* **Given data**
◇ ◇ ◇ ◇ ◇ ◇ ◇
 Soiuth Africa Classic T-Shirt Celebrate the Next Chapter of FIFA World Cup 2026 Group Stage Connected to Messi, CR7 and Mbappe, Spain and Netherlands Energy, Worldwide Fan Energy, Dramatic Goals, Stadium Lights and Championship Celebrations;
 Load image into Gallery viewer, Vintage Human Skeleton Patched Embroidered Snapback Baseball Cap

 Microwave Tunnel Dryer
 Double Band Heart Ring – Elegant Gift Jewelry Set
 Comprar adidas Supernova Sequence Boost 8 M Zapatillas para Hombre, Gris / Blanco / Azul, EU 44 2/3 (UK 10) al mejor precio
◇ ◇ ◇ ◇ ◇ ◇ ◇
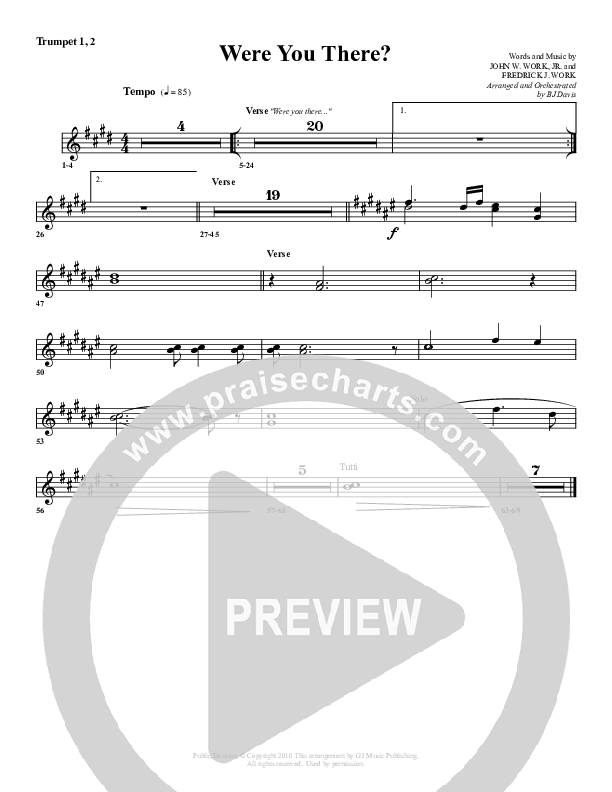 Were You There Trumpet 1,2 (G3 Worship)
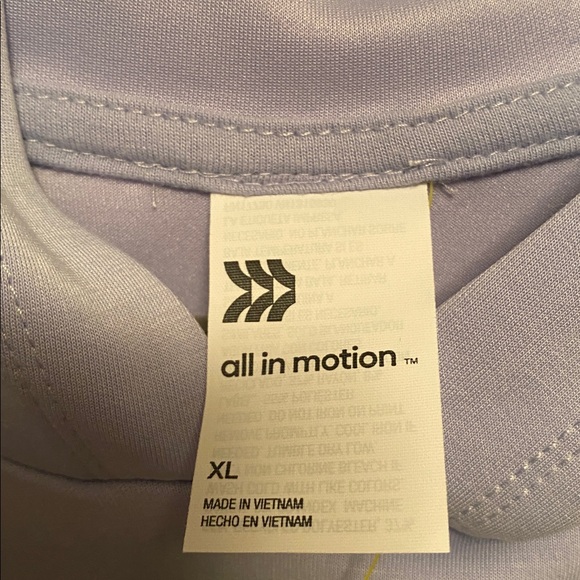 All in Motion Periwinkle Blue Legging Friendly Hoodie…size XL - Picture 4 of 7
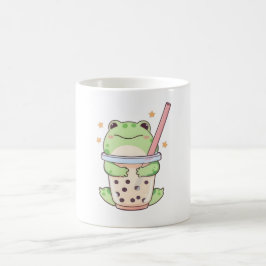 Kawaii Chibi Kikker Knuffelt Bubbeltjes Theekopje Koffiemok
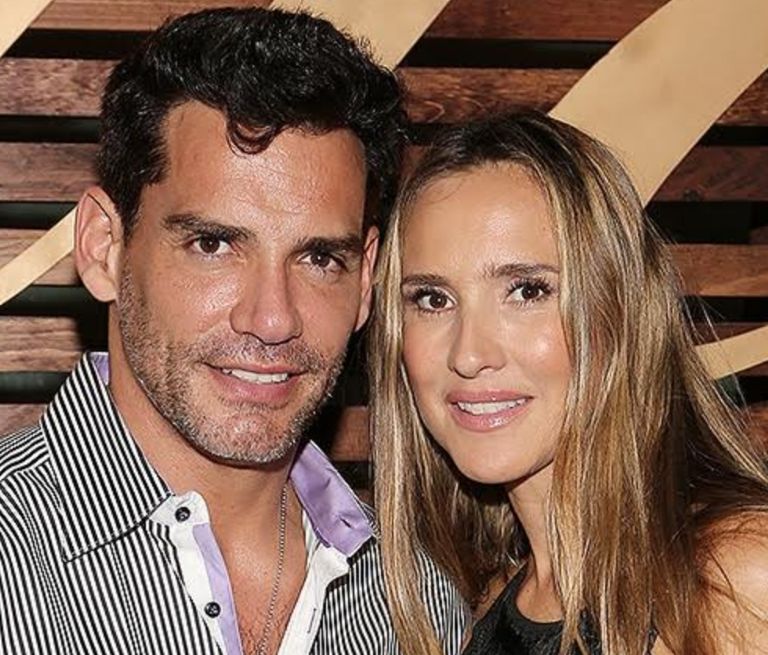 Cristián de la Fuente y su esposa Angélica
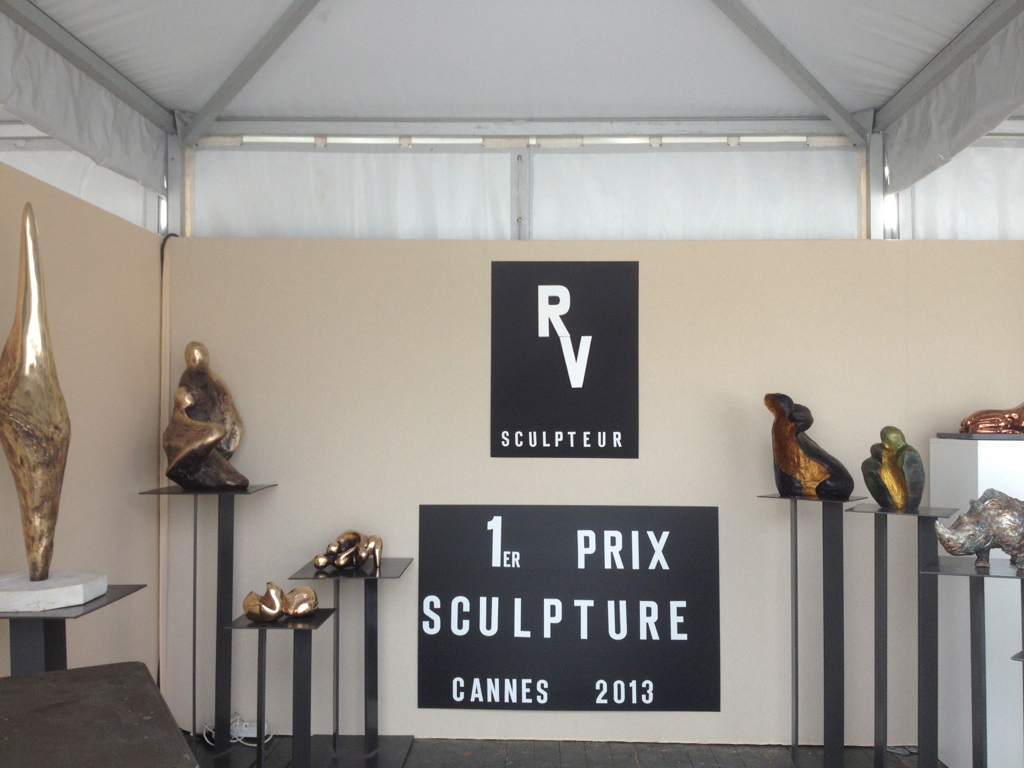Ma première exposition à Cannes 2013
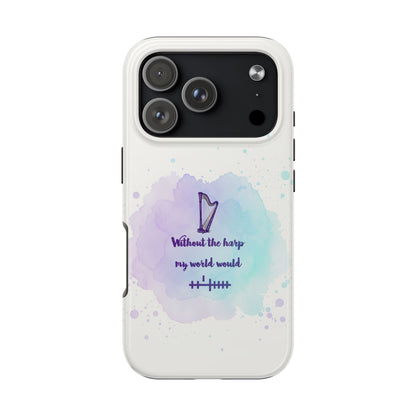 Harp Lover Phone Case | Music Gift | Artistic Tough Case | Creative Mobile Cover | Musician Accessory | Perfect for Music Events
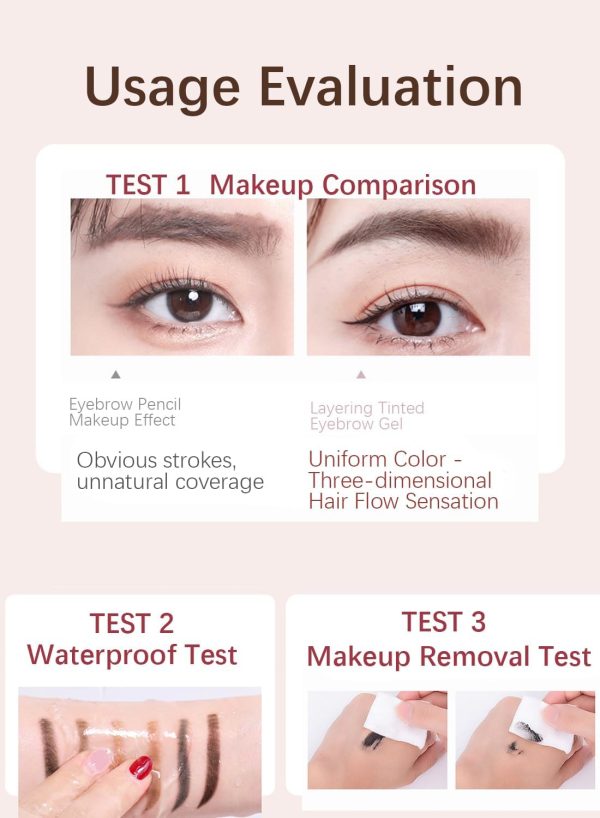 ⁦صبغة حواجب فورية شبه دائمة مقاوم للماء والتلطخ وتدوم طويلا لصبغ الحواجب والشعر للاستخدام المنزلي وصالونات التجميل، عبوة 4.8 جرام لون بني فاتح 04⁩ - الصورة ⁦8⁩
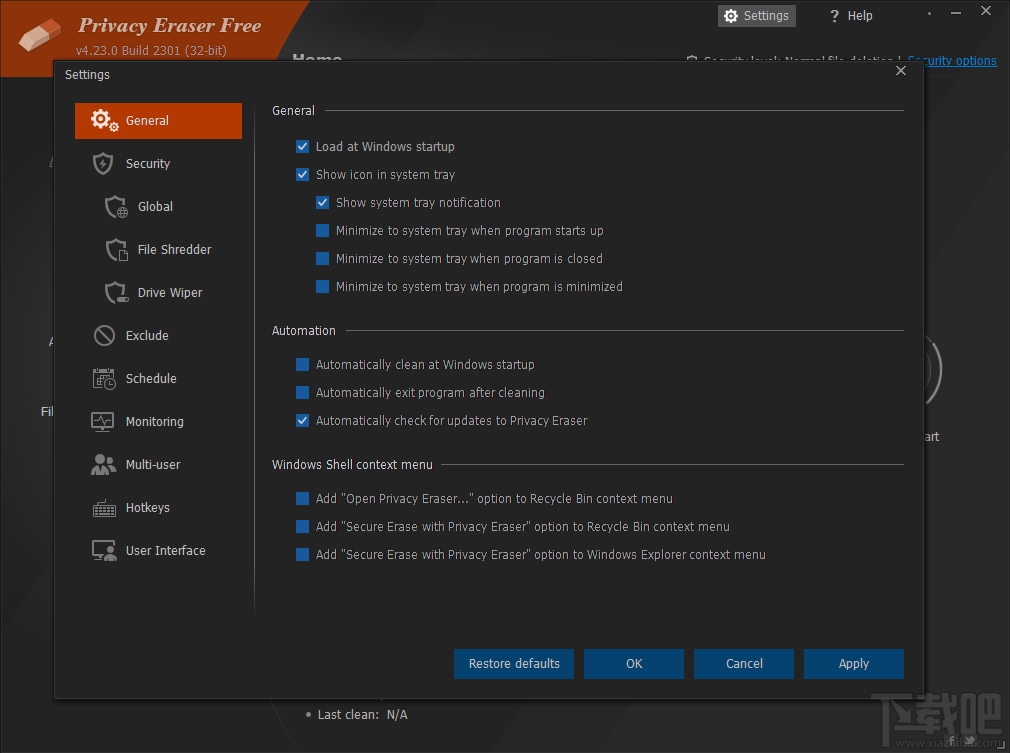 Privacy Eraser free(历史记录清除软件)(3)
◇ ◇ ◇ ◇ ◇ ◇ ◇
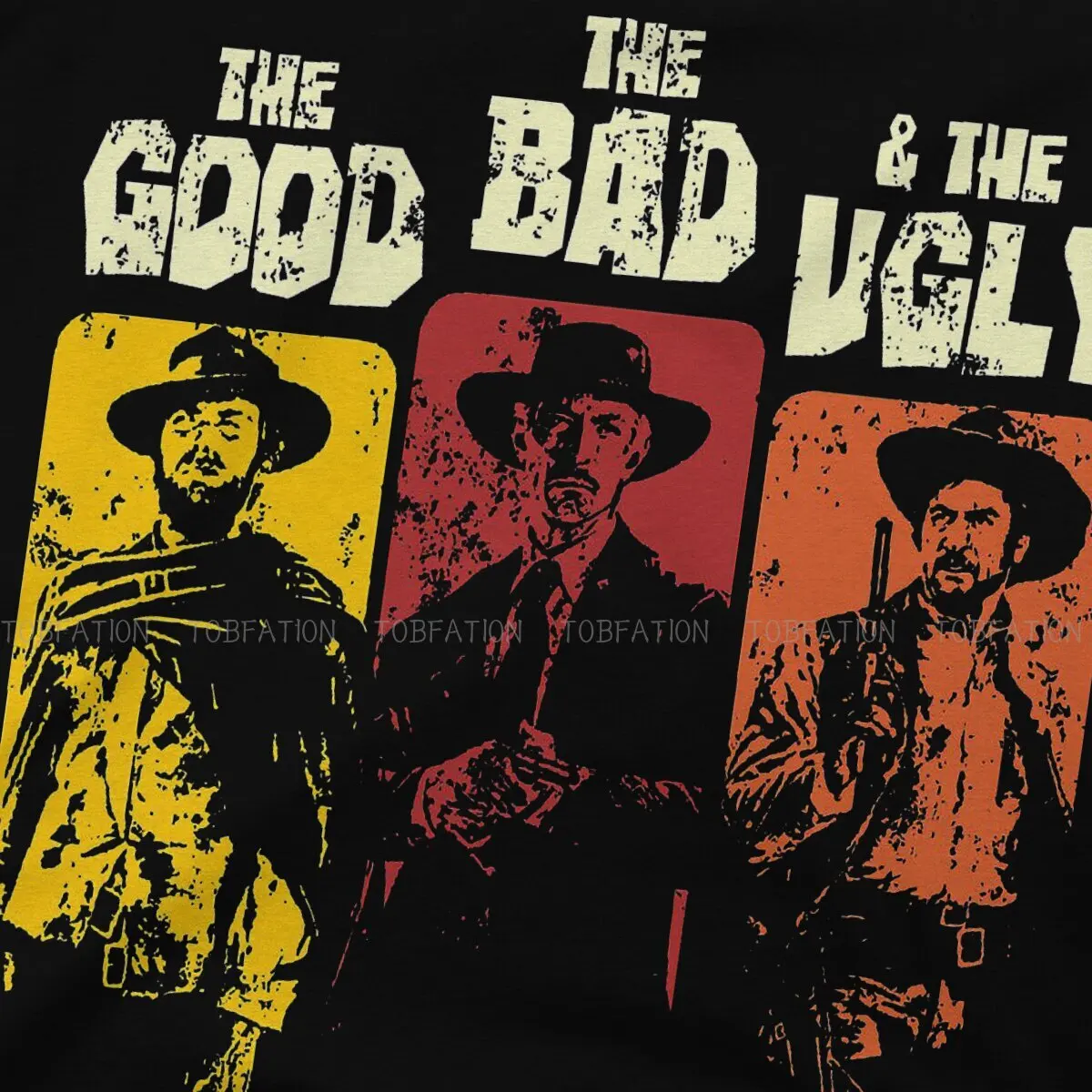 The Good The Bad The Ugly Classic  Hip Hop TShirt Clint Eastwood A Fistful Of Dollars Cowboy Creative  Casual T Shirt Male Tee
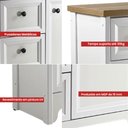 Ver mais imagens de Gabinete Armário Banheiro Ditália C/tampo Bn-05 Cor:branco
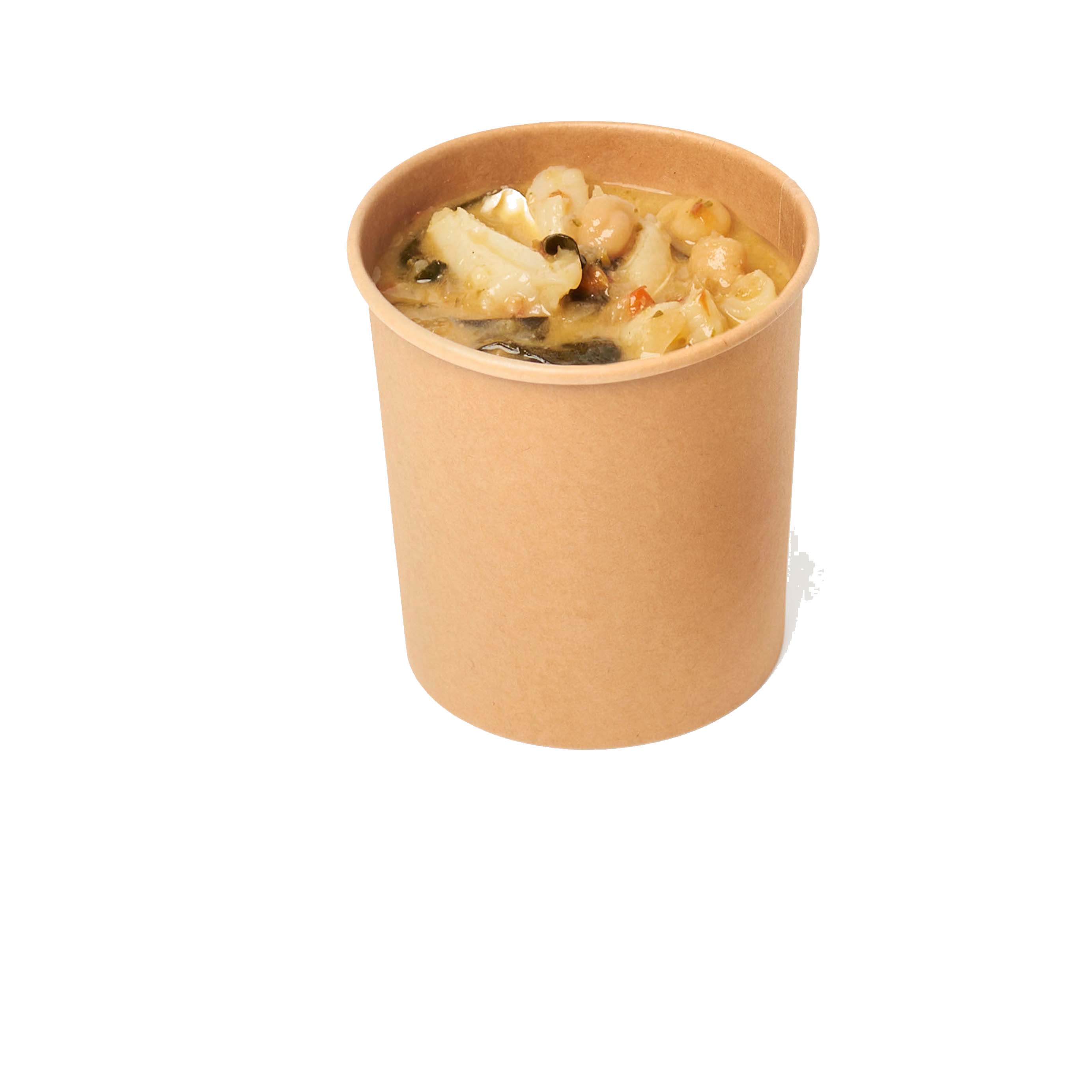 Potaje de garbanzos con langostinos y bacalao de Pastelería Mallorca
◇ ◇ ◇ ◇ ◇ ◇ ◇
* **Task statement**
From the data above, output exactly the lines between the one containing "Soiuth Africa Classic" and the one containing "Comprar adidas Supernova", counting both of them.

* **The completed task**
 Soiuth Africa Classic T-Shirt Celebrate the Next Chapter of FIFA World Cup 2026 Group Stage Connected to Messi, CR7 and Mbappe, Spain and Netherlands Energy, Worldwide Fan Energy, Dramatic Goals, Stadium Lights and Championship Celebrations;
 Load image into Gallery viewer, Vintage Human Skeleton Patched Embroidered Snapback Baseball Cap

 Microwave Tunnel Dryer
 Double Band Heart Ring – Elegant Gift Jewelry Set
 Comprar adidas Supernova Sequence Boost 8 M Zapatillas para Hombre, Gris / Blanco / Azul, EU 44 2/3 (UK 10) al mejor precio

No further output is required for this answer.